Her zebra print swimsuit is framed in the bathroom that leads out to our pool. Her blue flowered china is neatly stacked in my cabinets. I have voicemails from her saved, asking if I could please, for the love of all things holy, deposit the check she gave me 3 years ago so she could balance her checkbook. She is no longer here- but she is remembered daily.

It seemed odd, gathering so late after her death, to mourn something that had ripped our hearts apart long ago. The wounds had scarred over and it seemed as if there was nothing left to heal.

But as the pastor delivered the sermon at her memorial, grief washed over me again- filling my chest and eyes with the heavy, crushing feeling.

I tried to hold back the tears, but they still found a way to slip out. And in case you haven’t tried it yet, crying in a mask is messy business.

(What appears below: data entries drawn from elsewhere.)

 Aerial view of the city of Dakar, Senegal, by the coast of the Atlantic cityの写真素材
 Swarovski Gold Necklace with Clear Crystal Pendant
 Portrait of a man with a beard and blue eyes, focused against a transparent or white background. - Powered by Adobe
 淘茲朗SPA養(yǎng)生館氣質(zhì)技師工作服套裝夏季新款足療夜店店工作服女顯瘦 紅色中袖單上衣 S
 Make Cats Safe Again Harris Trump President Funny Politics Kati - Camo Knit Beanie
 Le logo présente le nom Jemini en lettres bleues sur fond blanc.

When it came time to bury her ashes, I had a chance to hold the urn containing the grains that made up who she was. It was odd- holding every ounce of the feisty, vivacious person I knew, now a silent mound of dust.

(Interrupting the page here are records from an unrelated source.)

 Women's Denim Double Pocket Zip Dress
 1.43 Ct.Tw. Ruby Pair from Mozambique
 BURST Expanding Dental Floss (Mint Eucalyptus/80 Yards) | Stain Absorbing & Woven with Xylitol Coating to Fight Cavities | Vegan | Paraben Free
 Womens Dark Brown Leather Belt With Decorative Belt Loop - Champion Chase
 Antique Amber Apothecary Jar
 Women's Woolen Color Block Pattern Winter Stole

But there was an indescribable peacefulness.

As we stood in a half circle around her urn, with the pastor uttering the final blessings, a warm wind that was powerful yet gentle wrapped around us. And I knew, that she was there.

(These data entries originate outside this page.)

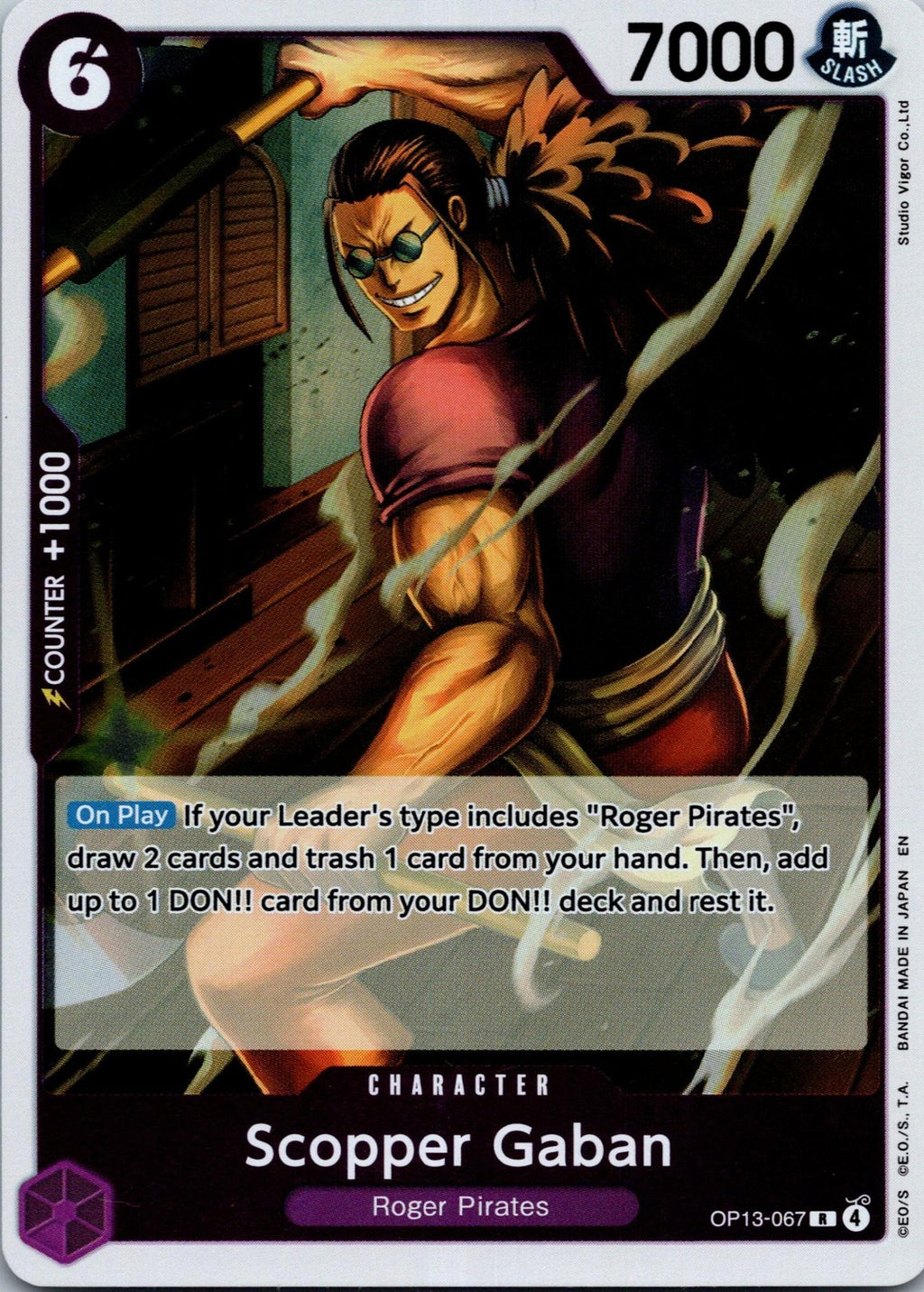 Scopper Gaban OP13-067 Rare Carrying On His Will One Piece Near Mint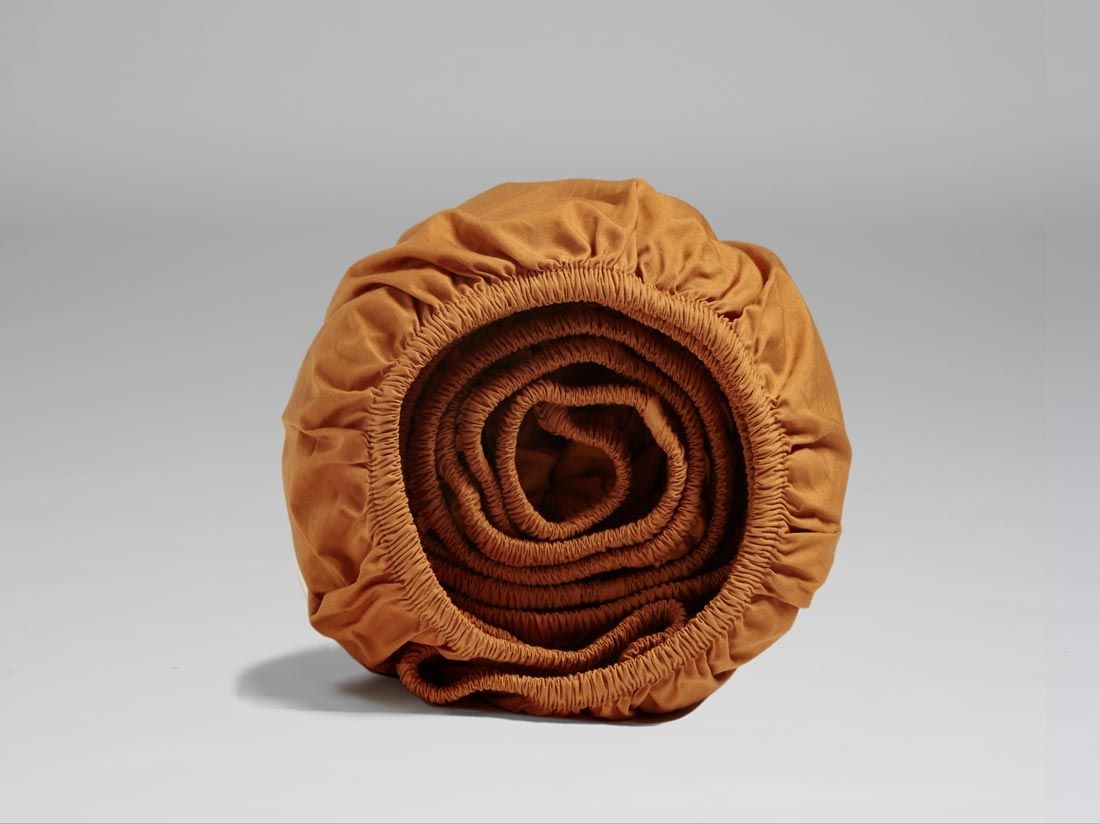 Faconlagen percale ochre yellow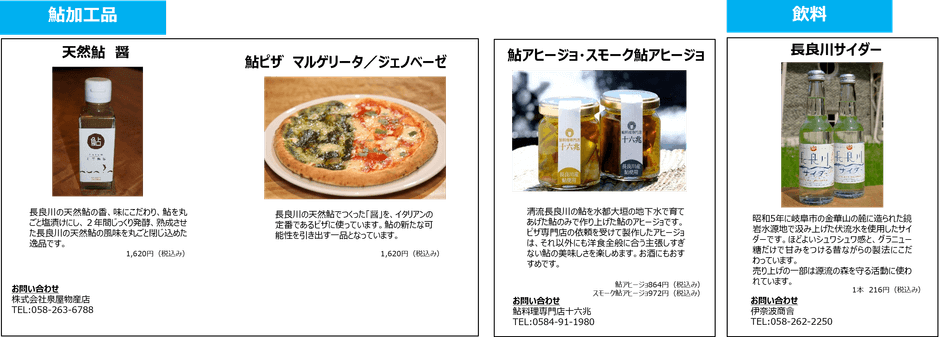 鮎加工品・飲料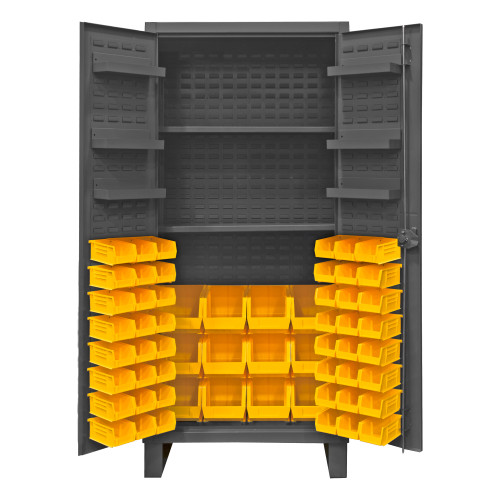 Durham Mfg Heavy-Duty Steel Cabinet, 12 Gauge, 60 Yellow Bins, 6 Door Shelves, 2 Adjustable Shelves, 2 Doors, 36"W x 24"D x 78"H, Gray, DM-HDC36-60-2S6D95 (1/Ea)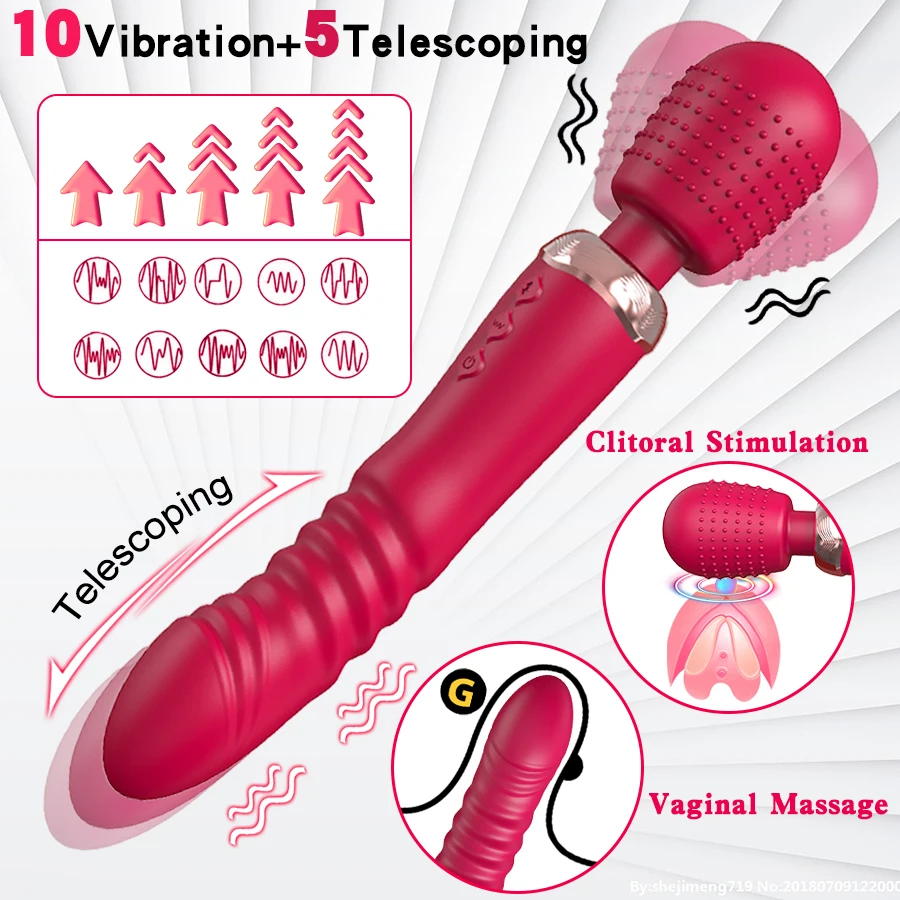 Powerful 3 motors fast Thrusting and Dildos Vibrator silicone large size Wand G-Spot Massager Sex Toy For Couple  Stimulator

I remembered a long run I had gone on soon after she had passed. I could feel her presence deeply, and had talked to her as the miles ticked by. “Hi, G,” I had whispered on an exhale. The wind gusted around me.

The pastor reminded us that Grandma or as we fondly refer to her- G-Dizzle, would live on through us. We all carry different aspects of her from the imprint she left on our lives.

For me, it is the love of pinot grigio, a dry sense of humor, and the pointer finger that comes out when I get fired up.

As I said my final goodbye, hand pressed against the wooden box containing her earthly remains, I was reminded that pain is rooted in love. That the heartbreak I was experiencing was because of the deep love we had shared.

And I wouldn’t trade an ounce of the pain in exchange for the beauty that my world holds because she was in it.

Two days later, I watched my brother and sister-in-law exchange vows under the silver maple trees lining the Mississippi river. I watched a leaf float down from the tree, released from its duties. The wind caught it and guided it to the ground in a zig-zag, fluttery pattern.

I was sitting between my nieces and nephews- little Abigail, less than 2 weeks old. The moment contained it all. Love, new life, loss, joy, peace, and beauty, oh the beauty.

And it was vast, like the silver maples.

By Laura Onstot

I like quiet moments (specifically moments without the 2 year old screaming), cramming a lot of things into short spaces of time, and anything that contains sugar.

One reply on “Vast, Like the Trees”

What a heartfelt, well-crafted testament to the matriarch of the Uppgaard family—a lady who made all of us better because of how generously and authentically she loved!